Teil Gottes, der sich im Menschen auswirkt
Woran erkennt man den Heiligen Geist? Nicht jeder, der von sich und seinen Ideen angetan ist, ist schon vom Heiligen Geist erfüllt. Was in der Bibel über ihn steht und was die Theologinnen und Theologen über ihn sagen, ist zwar „markant uneinheitlich“, so der Heidelberger Theologieprofessor Dietrich Ritschl (1929–2018). Übereinstimmung herrscht aber in einem Punkt, den man vereinfacht so ausdrücken kann: Der Heilige Geist ist jener Teil Gottes, der sich im Menschen auswirkt.
Eine außergewöhnliche Liste an Gaben, die der Geist hervorbringt, findet sich im Brief des Apostels Paulus an die Gemeinde von Galatien, heute mitten in der Türkei gelegen. Demzufolge zeigt sich der Geist in Liebe, Freude, Friede, Geduld, Freundlichkeit, Güte, Treue, Sanftmut und Keuschheit (5,22). Eine sympathische Liste an Tugenden.
Im Hebräischen ist der Geist weiblich
Aber der Geist ist weit mehr als ein Ansporn für soziales Wohlverhalten.
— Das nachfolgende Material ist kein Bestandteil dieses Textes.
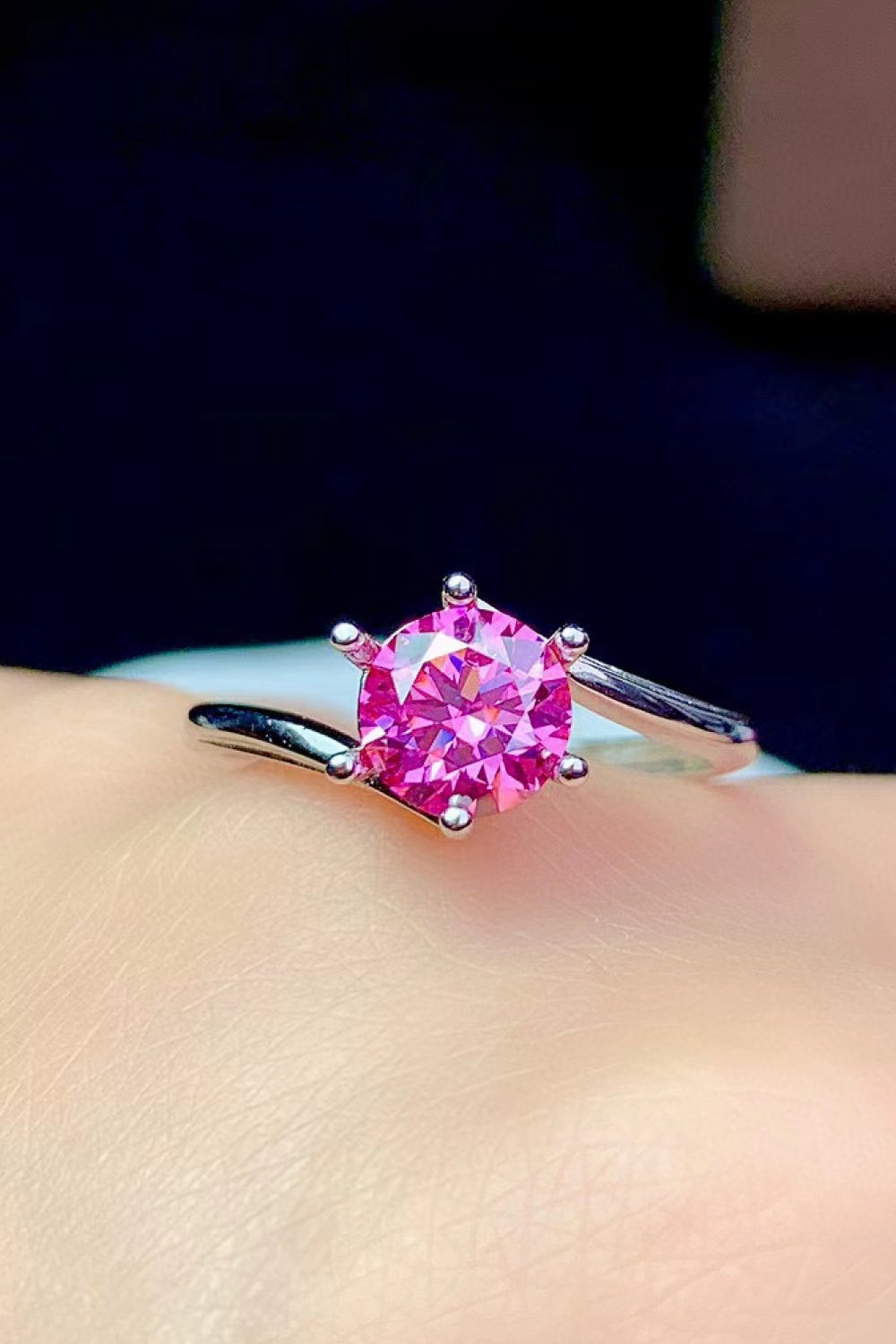 Cant Stop Your Shine 1 Carat Moissanite Ring in Pink for Women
Er ist eine enorme schöpferische Kraft. Das grammatikalische Geschlecht des Wortes Geist ist in dieser Hinsicht bezeichnend. Im Hebräischen ist es weiblich. Der Geist Gottes, von dem in der Schöpfungsgeschichte der Bibel die Rede ist, der über den Wassern schwebte und Leben spendet, ist die „ruach“. Da sie nach einem geflügelten Wort bis heute weht, wo sie will, sollte man mit Überraschungen rechnen.
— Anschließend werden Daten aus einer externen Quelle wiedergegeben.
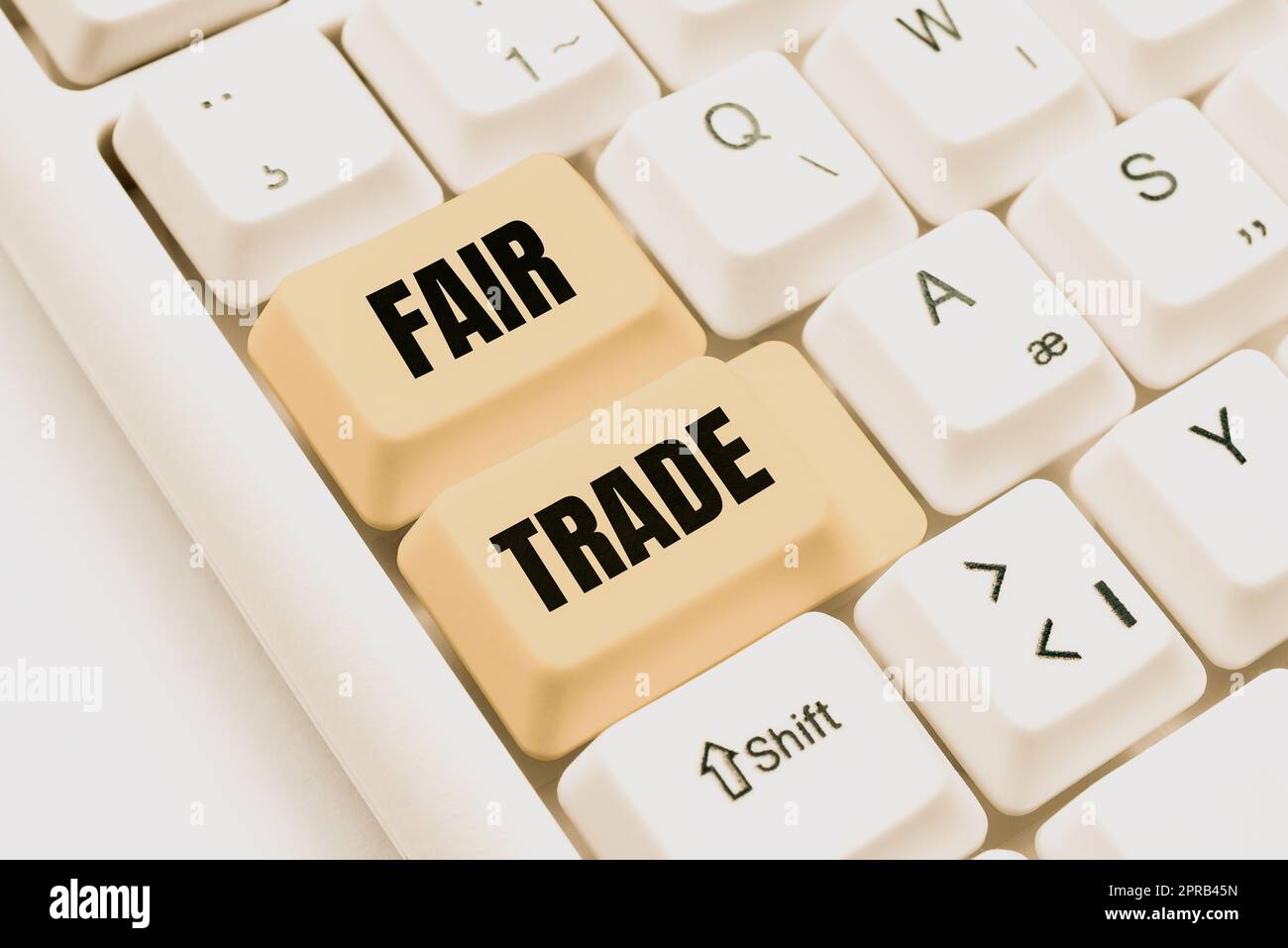 Schild mit Fair Trade. Konzept bedeutet eine kleine Erhöhung durch einen Hersteller, was er an einen Hersteller bezahlt -48746 Stockfoto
In manchen Kirchen schweben zu Pfingsten als Symbol des Heiligen Geistes seit Jahrhunderten aus einer Öffnung im Kirchengewölbe hölzerne Tauben auf katholische Gemeinden hinab. Im Dom von Florenz startet mitten im Hauptgottesdienst sogar eine von kleinen Raketen angetriebene Taube, an einem Stahldraht hängend, am Hauptaltar und „fliegt“ durchs Hauptschiff bis zum Portal hinaus, wo sie Kracher und Böller entzündet. Das findet zwar an Ostern statt, aber die Symbolik des Heiligen Geistes ist eindeutig. Vom Pfingstwunder in der Apostelgeschichte ist da wenig geblieben: nicht viel mehr als die Bewegung von drinnen nach draußen. Aber das ist kirchliches Brauchtum.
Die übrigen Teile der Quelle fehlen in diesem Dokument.